*TASK INSTRUCTIONS:* The job is to output each record exactly as it stands, pictures excluded.

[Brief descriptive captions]
****************************************

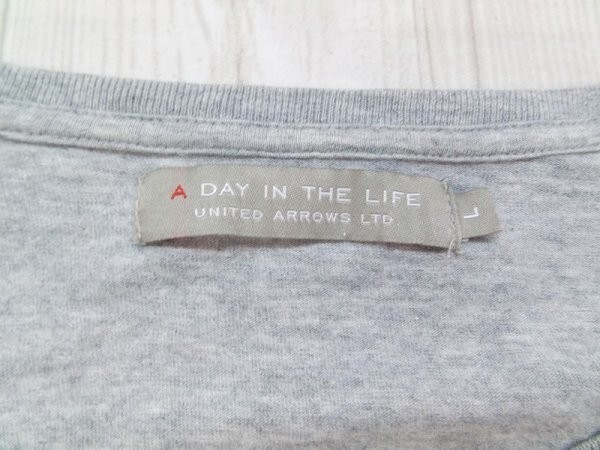 A DAY IN THE LIFE UNITED ARROWS ユナイテッドアローズ メンズ ポケット切替 カットソー L グレー_画像2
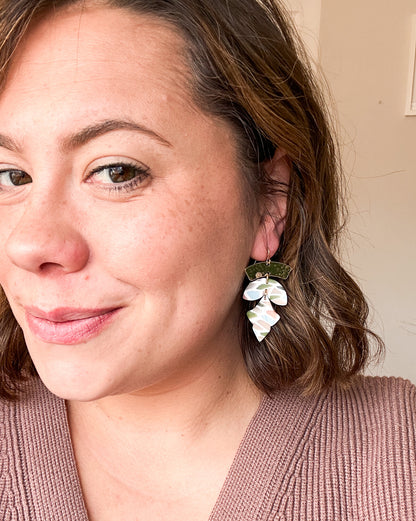 Winter Stained Glass Style Dangle Earrings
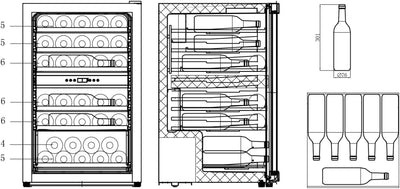 CAVIN Polar Collection 51 - Weinkühlschrank, 37 Flaschen, 2 Temperaturzonen 4-22°C, Holzregalböden, Kompressor, Glastür mit UV-Schutz, schwarzer Weinkühlschrank mit zwei Zonen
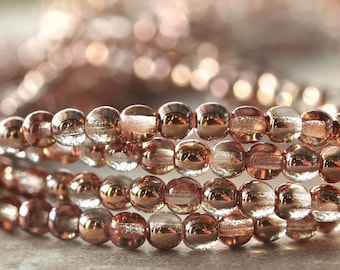 Czech Glass Bead Apollo Gold 4mm Round Druk : 100 pc 4mm Gold Druk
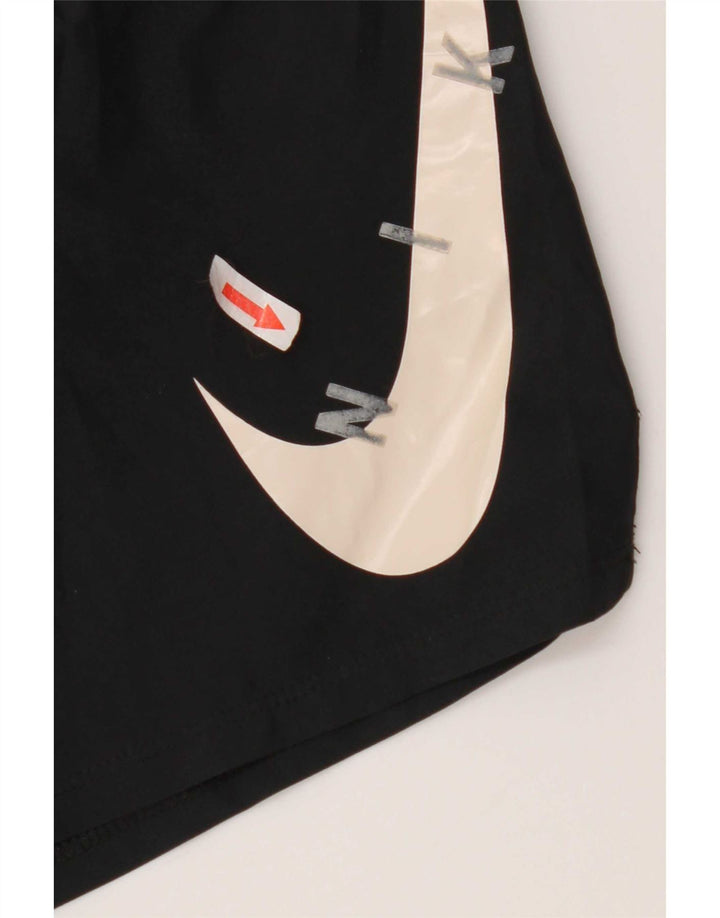 Nike Womens Dri Fit Graphic Sport Shorts UK 14 Medium  Black Polyester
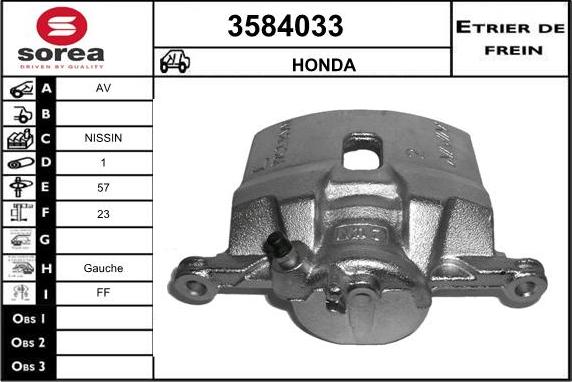 Sera 3584033 - Гальмівний супорт autocars.com.ua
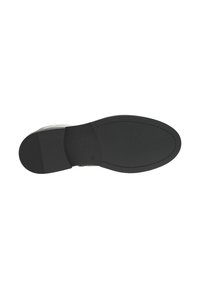 Semelle en caoutchouc noir avec une texture antidérapante, finition mate lisse et bords arrondis ; présente des coutures le long du périmètre.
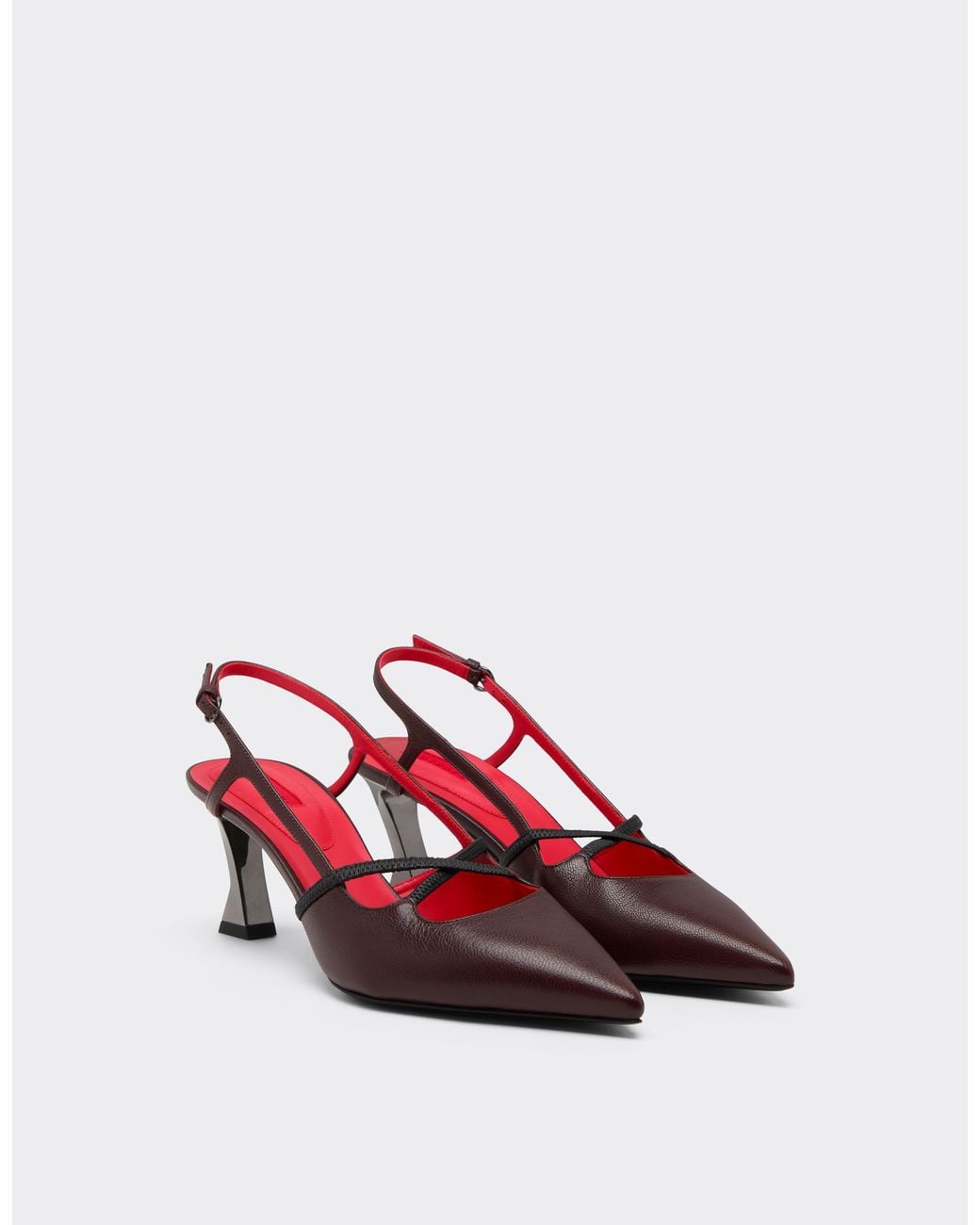 Ferrari Pink Leather Slingback With Sculpted Heel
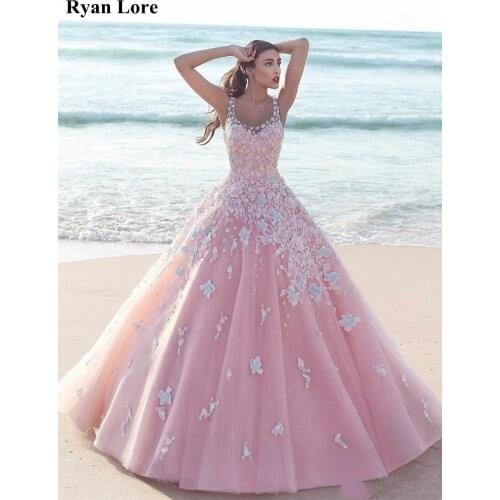 Pink Ball Gown Quinceanera Dresses 2020 Elegant Night Party Prom Gowns Women Sleeveless Fairy Puffy Formal Long Robe De Soiree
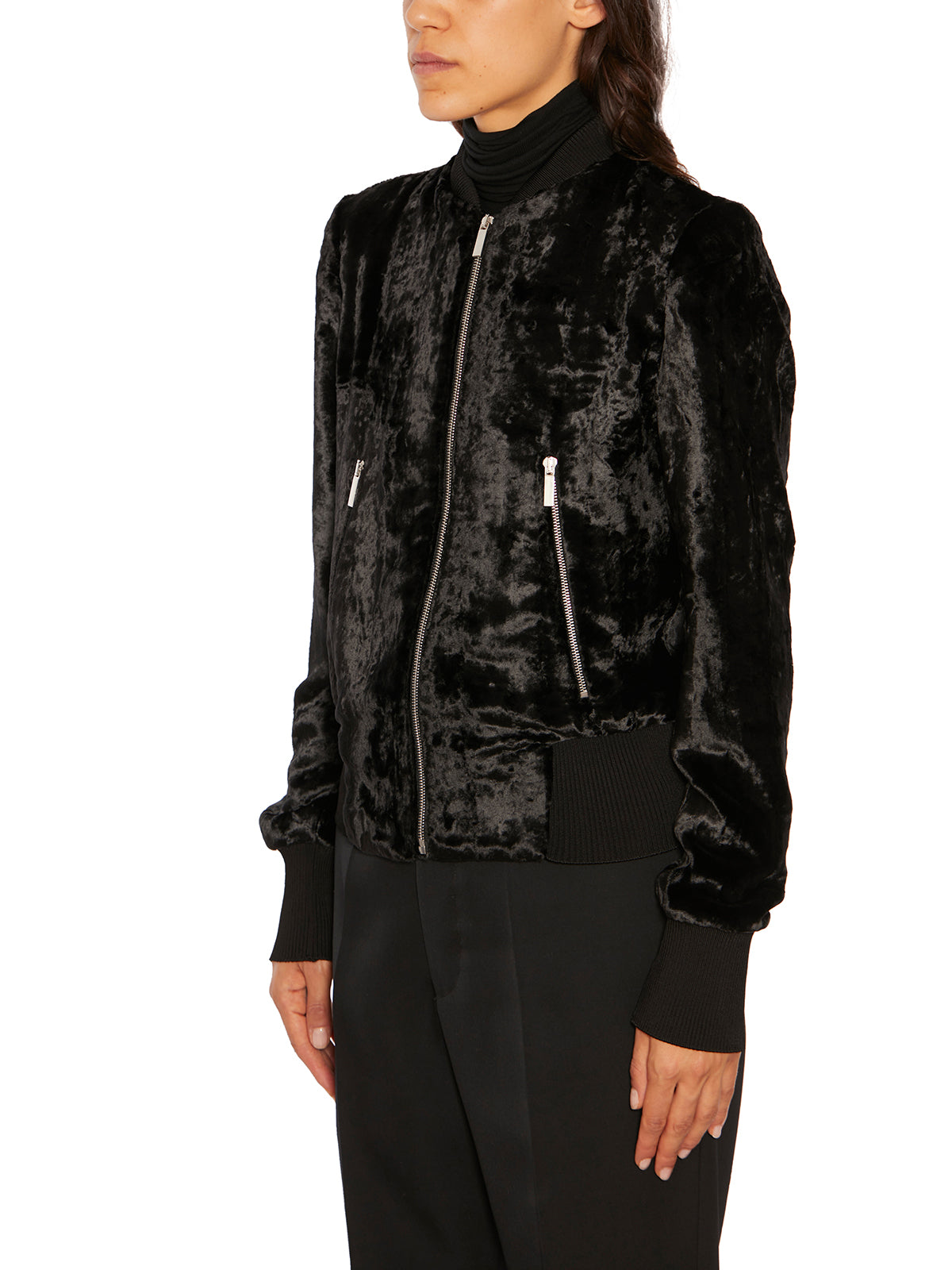 SAPIO Velvet Bomber Jacket with Zip Closure - Size 38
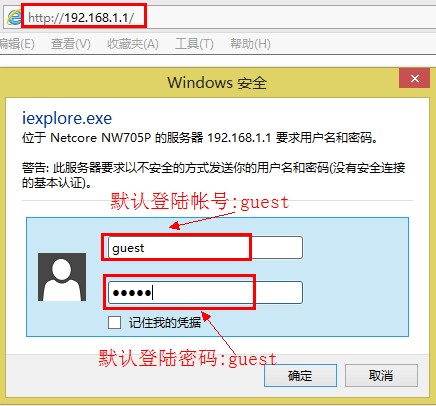 Netcore-NW705路由器登录界面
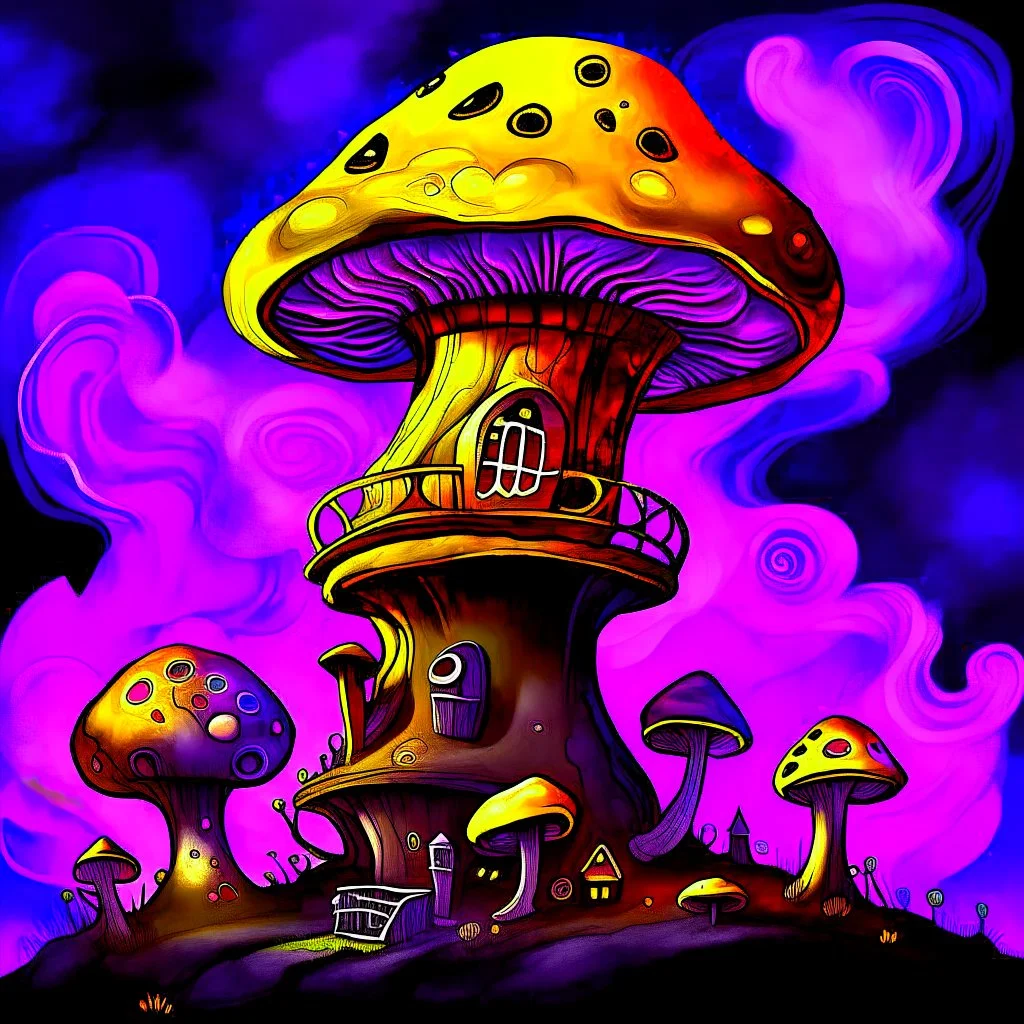 A fantabulous black, purple and yellow (((mushroom tower house))) erected atop a (geologic pillar), surrounded by the uncanny imaginative ((( swirling skies))), offset by the stark hues of a (neon-tinged nebulous space scape), within. captured by the hand a skilled master painter with a focus on (softly blurred compositions and voluminous lighting).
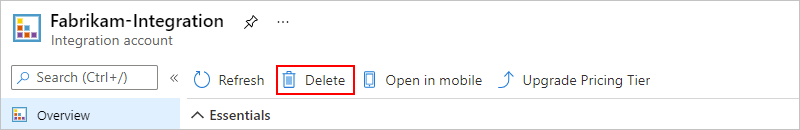 Capture d’écran montrant le volet&nbsp;Vue d’ensemble&nbsp;avec l’option Supprimer sélectionnée.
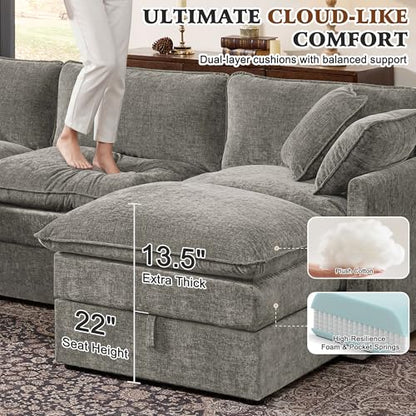 103" Modular Sectional Sofa with Storage, L Shaped Cloud Couch with Movable Ottomans & Throw Pillows, Chenille Deep Seat Sectional Couches for Living Room, Apartment (Grey)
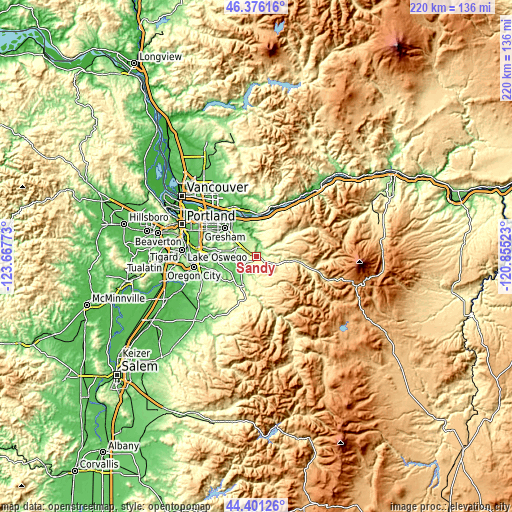 Topographic map of Sandy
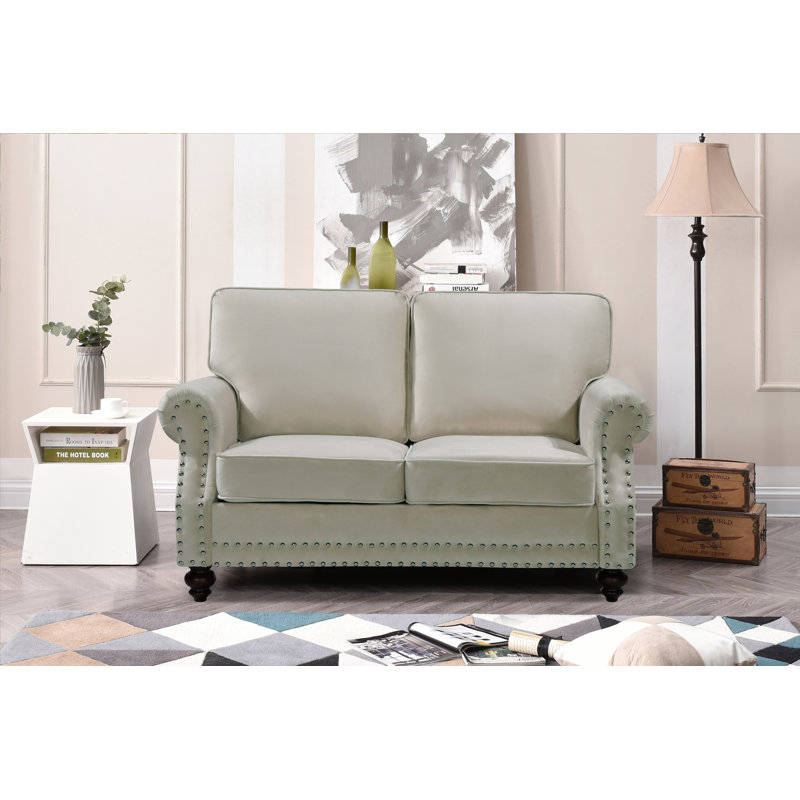 Hananiah Velvet Sofa, Beige, 37.4" H x 61.42" W x 33.9" D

****************************************

*ANSWER SPACE:*
 A DAY IN THE LIFE UNITED ARROWS ユナイテッドアローズ メンズ ポケット切替 カットソー L グレー_画像2
 Winter Stained Glass Style Dangle Earrings
 CAVIN Polar Collection 51 - Weinkühlschrank, 37 Flaschen, 2 Temperaturzonen 4-22°C, Holzregalböden, Kompressor, Glastür mit UV-Schutz, schwarzer Weinkühlschrank mit zwei Zonen
 Czech Glass Bead Apollo Gold 4mm Round Druk : 100 pc 4mm Gold Druk
 Nike Womens Dri Fit Graphic Sport Shorts UK 14 Medium  Black Polyester
 Sera 3584033 - Гальмівний супорт autocars.com.ua
 Semelle en caoutchouc noir avec une texture antidérapante, finition mate lisse et bords arrondis ; présente des coutures le long du périmètre.
 Ferrari Pink Leather Slingback With Sculpted Heel
 Pink Ball Gown Quinceanera Dresses 2020 Elegant Night Party Prom Gowns Women Sleeveless Fairy Puffy Formal Long Robe De Soiree
 SAPIO Velvet Bomber Jacket with Zip Closure - Size 38
 Netcore-NW705路由器登录界面
 A fantabulous black, purple and yellow (((mushroom tower house))) erected atop a (geologic pillar), surrounded by the uncanny imaginative ((( swirling skies))), offset by the stark hues of a (neon-tinged nebulous space scape), within. captured by the hand a skilled master painter with a focus on (softly blurred compositions and voluminous lighting).
 Capture d’écran montrant le volet&nbsp;Vue d’ensemble&nbsp;avec l’option Supprimer sélectionnée.
 103" Modular Sectional Sofa with Storage, L Shaped Cloud Couch with Movable Ottomans & Throw Pillows, Chenille Deep Seat Sectional Couches for Living Room, Apartment (Grey)
 Topographic map of Sandy
 Hananiah Velvet Sofa, Beige, 37.4" H x 61.42" W x 33.9" D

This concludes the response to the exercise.